:: COLLECTED MATERIAL ::
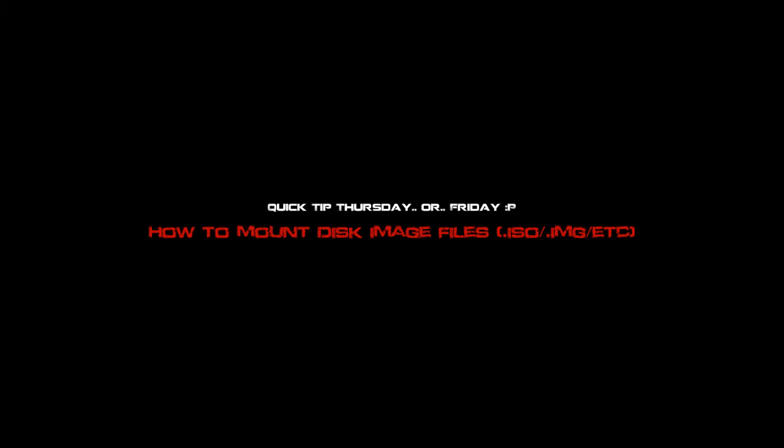You're watching a Kavik Productions tutorial, and today I'm going to show you how to mount a .iso file.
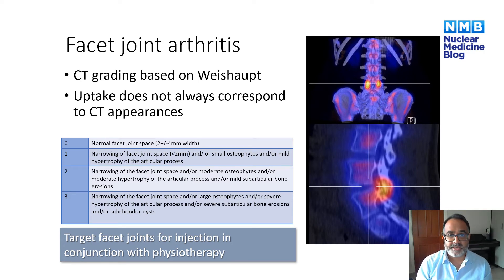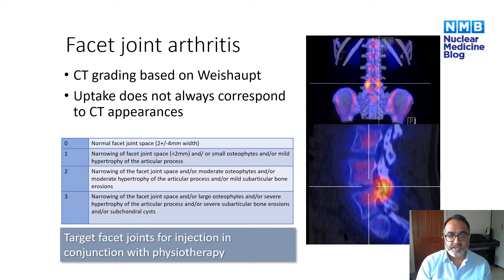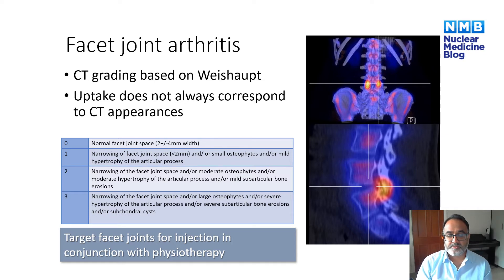If we decide to use SPECT CT to identify facet joint arthritis and target the facet joints, we could rely on a CT-based grading system. There are four different grades: grade zero with normal facet joint space; grade one with narrowing and small osteophytes; grade two with further narrowing, moderate osteophytes, hypertrophy, and subarticular erosions; and grade three with severe subarticular erosions, subchondral cysts and large osteophytes. However, the uptake does not always correspond to the CT appearances, so we must look at the SPECT over and above the CT when targeting facet joints.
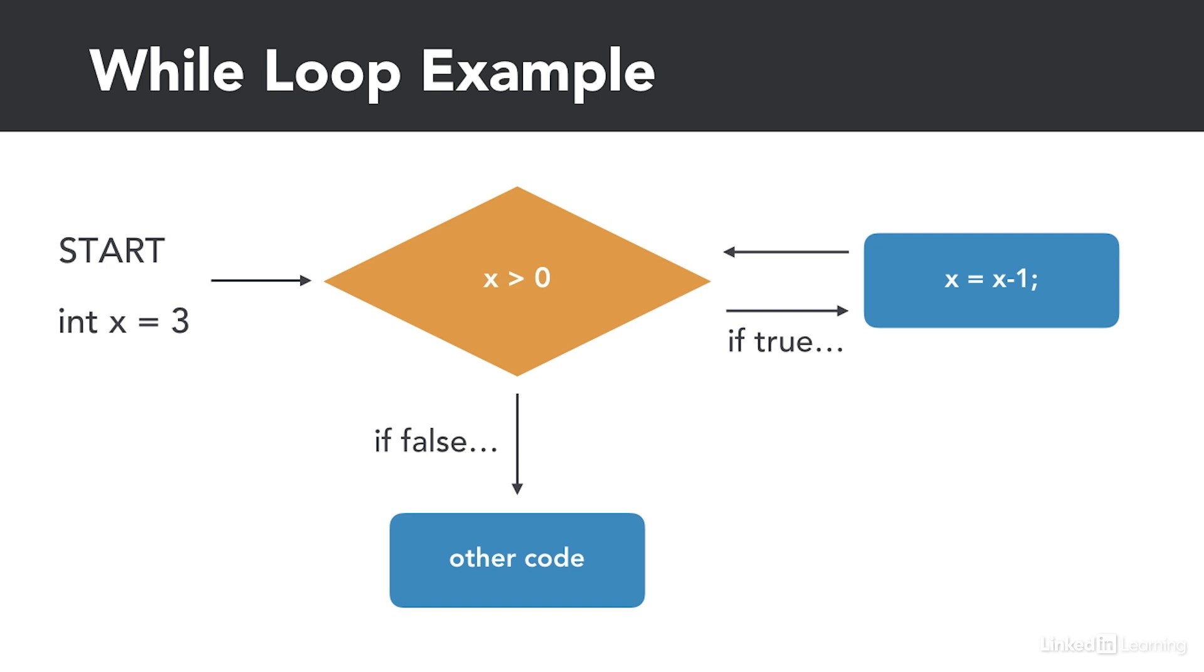Now that x is decremented, we check the condition again, it remains true, so we decrement x again, making it 1. 1 is greater than 0, so we decrement x again, making it 0. Now when we check the condition, 0 is not greater than 0, so we exit the loop because the condition is false. This loop is called a while loop because we only execute the loop while the condition is true.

:: EXERCISE INSTRUCTIONS ::
An exact reproduction of the data is needed, with no pictures included.

:: TASK ANSWER ::
You're watching a Kavik Productions tutorial, and today I'm going to show you how to mount a .iso file.
If we decide to use SPECT CT to identify facet joint arthritis and target the facet joints, we could rely on a CT-based grading system. There are four different grades: grade zero with normal facet joint space; grade one with narrowing and small osteophytes; grade two with further narrowing, moderate osteophytes, hypertrophy, and subarticular erosions; and grade three with severe subarticular erosions, subchondral cysts and large osteophytes. However, the uptake does not always correspond to the CT appearances, so we must look at the SPECT over and above the CT when targeting facet joints.
Now that x is decremented, we check the condition again, it remains true, so we decrement x again, making it 1. 1 is greater than 0, so we decrement x again, making it 0. Now when we check the condition, 0 is not greater than 0, so we exit the loop because the condition is false. This loop is called a while loop because we only execute the loop while the condition is true.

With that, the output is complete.